On mesure à quel point le caractère vague d’un tel énoncé peut ouvrir la porte à toutes les censures possibles.

Les blagues bientôt transformées en délits ?

C’est précisément l’inquiétude de la lettre ouverte cosignée par Rowan Atkinson et coordonnée par la " Humanist Society of Scotland " qui écrit : " La loi crée un délit d’incitation à la haine sans que l’intention de l’auteur ne soit examinée ; (...) ce délit pourrait même être appliqué à quelqu’un qui posséderait des matériaux produits par quelqu’un d’autre, le fait de partager ce matériel pouvant être considéré comme attisant la haine ".

L’association humaniste alerte contre le fait que cette loi, partant de " bonnes intentions ", finisse par " réprimer la liberté d’expression et la possibilité de critiquer les religions et autres croyances ".

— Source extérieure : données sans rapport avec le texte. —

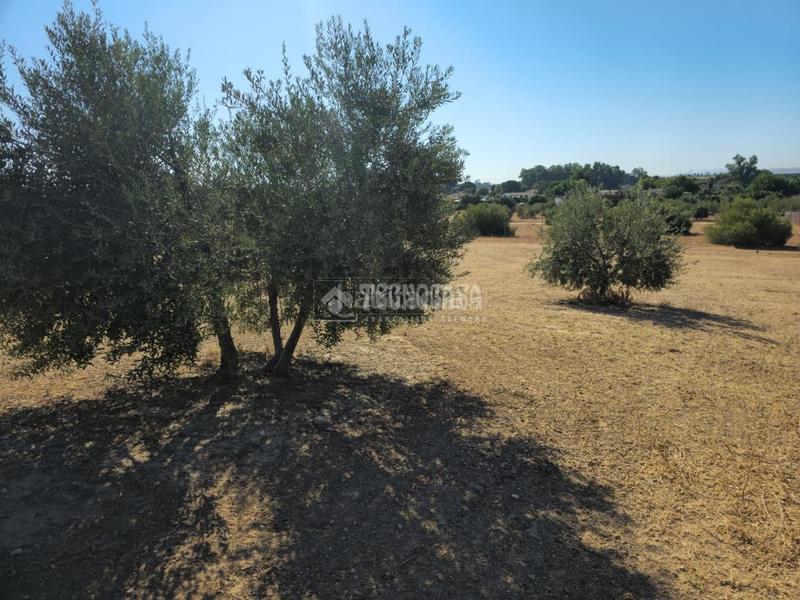 Foto 60eaef15-cf53-4b5d-b67a-8812d4347d00. Finca rústica a Arahal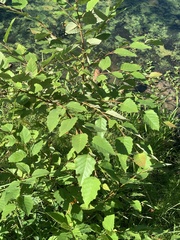 Betulaceae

Plusieurs avocats expérimentés ont estimé que le vote de la loi entraînerait un " large nombre de poursuites judiciaires ". Roddy Dunlop, doyen de la Faculté des Avocats, a ainsi déclaré que les humoristes déclamant les blagues du type " Un Écossais, un Irlandais et un Anglais entrent dans un pub " (équivalent anglo-saxon de notre " un Français, un Belge et un Américain "...) pourraient être condamnés en justice sous la nouvelle législation.

La police écossaise, mais également l’Église catholique écossaise, qui craint que des passages de la Bible ne deviennent délictueux, s’opposent également au projet.

De son côté, le gouvernement écossais a vigoureusement nié " chercher à museler la critique ou le débat rigoureux ", mais sans dissiper les craintes : " Les gens peuvent exprimer des opinions controversées, stimulantes ou offensantes tant qu’elles ne l’expriment d’une manière menaçante ou injurieuse qui cherche ou est susceptible d’attiser la haine ", a ainsi déclaré un porte-porte de « l’exécutif » dirigé par Nicola Sturgeon, Première ministre de l’Ecosse.

Le projet de loi de Humza Yusaf est soutenu par l’association LGBT " Equality Network ", le " Conseil écossais des communautés juives " et " Bemis ", un organisme de soutien aux " minorités ethniques et culturelles en Ecosse ".